Input data section start

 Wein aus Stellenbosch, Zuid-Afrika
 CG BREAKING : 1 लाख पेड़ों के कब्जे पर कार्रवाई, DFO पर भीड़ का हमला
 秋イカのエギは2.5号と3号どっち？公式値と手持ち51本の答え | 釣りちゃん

Input data section end

Task description: Would you be able to transcribe every line of the data exactly?

Response to the exercise:
 Wein aus Stellenbosch, Zuid-Afrika
 CG BREAKING : 1 लाख पेड़ों के कब्जे पर कार्रवाई, DFO पर भीड़ का हमला
 秋イカのエギは2.5号と3号どっち？公式値と手持ち51本の答え | 釣りちゃん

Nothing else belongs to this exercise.